Turkish PM: after Iran deal, focus now Israel nuclear weapons

Erdogan said, "since the issue of Iran has been resolved to some extend, the international community should concentrate its efforts to find a solution to the problems in Israel now."

Turkish PM: after Iran deal, focus now Israel nuclear weapons

Turkish Prime Minister Recep Tayyip Erdogan said, "since the issue of Iran has been resolved to some extend, the international community should concentrate its efforts to find a solution to the problems in Israel now."

Israel recently has refused UN call for nuclear-free region, saying "it has no plan to review its nuclear policies. The world's five recognized nuclear-weapons powers — the U.S., Russia, Britain, France and China — reaffirmed the goal of a nuclear-free Middle East.

Erdogan said that uranium swap deal signed by foreign ministers of Turkey, Brazil and Iran was a very important for the region and for the world.

Erdogan said he carried out tripartite efforts with Brazilian President Lula Da Silva and Iranian President Mahmoud Ahmadinajad and the deal regarding uranium swap was signed following the studies.

"The deal was a very very important step for the region and the world. Foreign ministers of Turkey, Brazil and Iran worked for 18 hours in a room to reach for the joint declaration," Erdogan said.

Anadolu news agency reported, Prime Minister Erdogan said at a news conference in Madrid, "Turkey is the country which made the greatest efforts for peace in its region. We are against all kinds of nuclear weapons. It is legal to use nuclear energy for humanitarian purposes. For instance, an agreement was signed between Turkey and Russia a few days ago about building of a nuclear power plant in Turkey."

Foreign ministers of Turkey, Iran and Brazil signed a deal on Monday where Iran committed to give the 1200kg of 3.5% enriched uranium to Turkey in exchange for 20% enriched uranium it will receive from Western countries to be used as fuel in the nuclear research reactor in Tehran.

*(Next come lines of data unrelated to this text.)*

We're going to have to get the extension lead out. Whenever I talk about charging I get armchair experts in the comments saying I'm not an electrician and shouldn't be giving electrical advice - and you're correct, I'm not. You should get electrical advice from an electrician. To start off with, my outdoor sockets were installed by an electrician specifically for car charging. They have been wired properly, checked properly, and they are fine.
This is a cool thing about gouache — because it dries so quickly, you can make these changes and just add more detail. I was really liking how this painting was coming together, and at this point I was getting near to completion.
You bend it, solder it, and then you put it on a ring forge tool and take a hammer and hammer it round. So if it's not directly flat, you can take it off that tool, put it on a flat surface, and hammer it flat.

Tehran will receive the enriched uranium from the Vienna Group, comprising of the U.S., France, Russia and International Atomic Energy Agency, in Turkey.

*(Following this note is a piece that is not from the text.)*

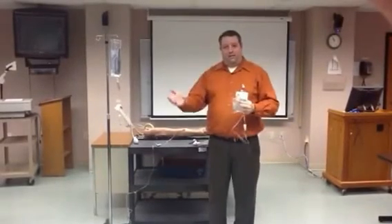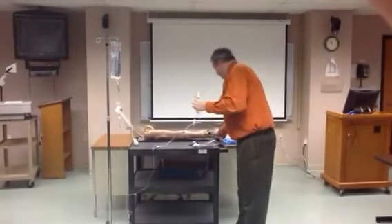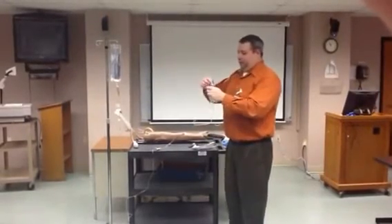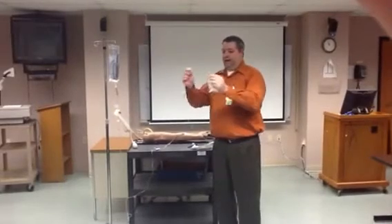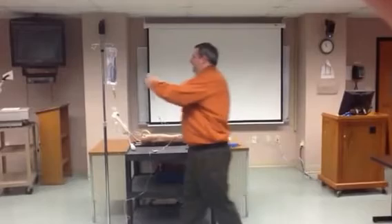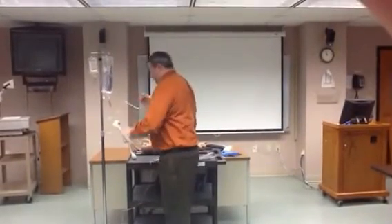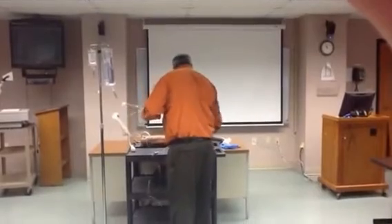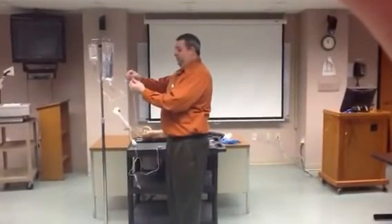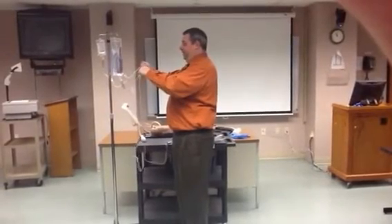We've done all our math and everything's good to go. We're going to remove the port cover and spike the bag. Now we're going to hang this on the pole. We're going to take our alcohol pad, clean this port, remove the cap, and then insert it.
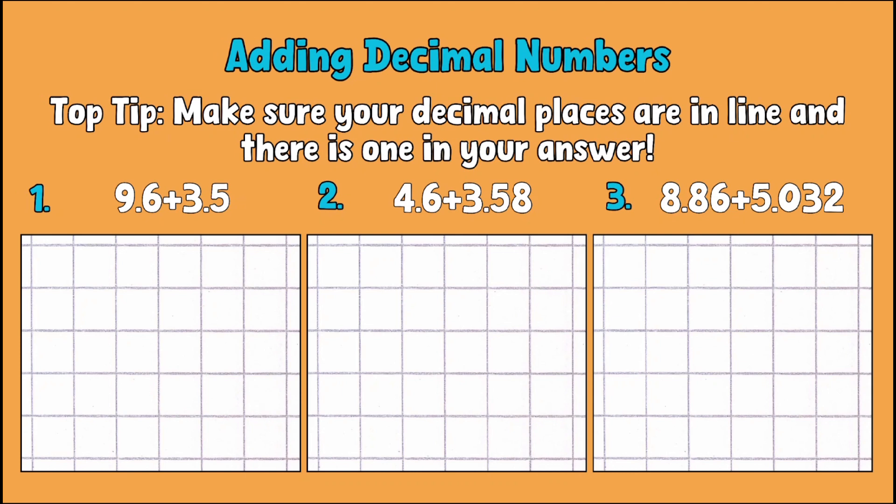I've got a little top tip for you: make sure that your decimal places are all in line when you set this up in the column method, and that there's one in your answer as well — which must also be in line, otherwise you'll end up multiplying or dividing by ten or a hundred. With this method there's nothing different from adding whole numbers; you just do the same thing except you must make sure those decimals are in the right place.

"Israel's nuclear weapons"

The calls are mounting for Israel to accept nuclear transparency and responsibility.

UN atomic watchdog chief Yukiya Amano asked IAEA member states for ideas on how to persuade Israel to sign up to the Non-Proliferation Treaty (NPT).

At the IAEA's last general conference in September 2009, member countries passed a resolution entitled "Israeli nuclear capabilities" which called on the Jewish state "to accede to the NPT and place all its nuclear facilities under comprehensive IAEA safeguards."

It urged the IAEA's director general "to work with the concerned states towards achieving that end".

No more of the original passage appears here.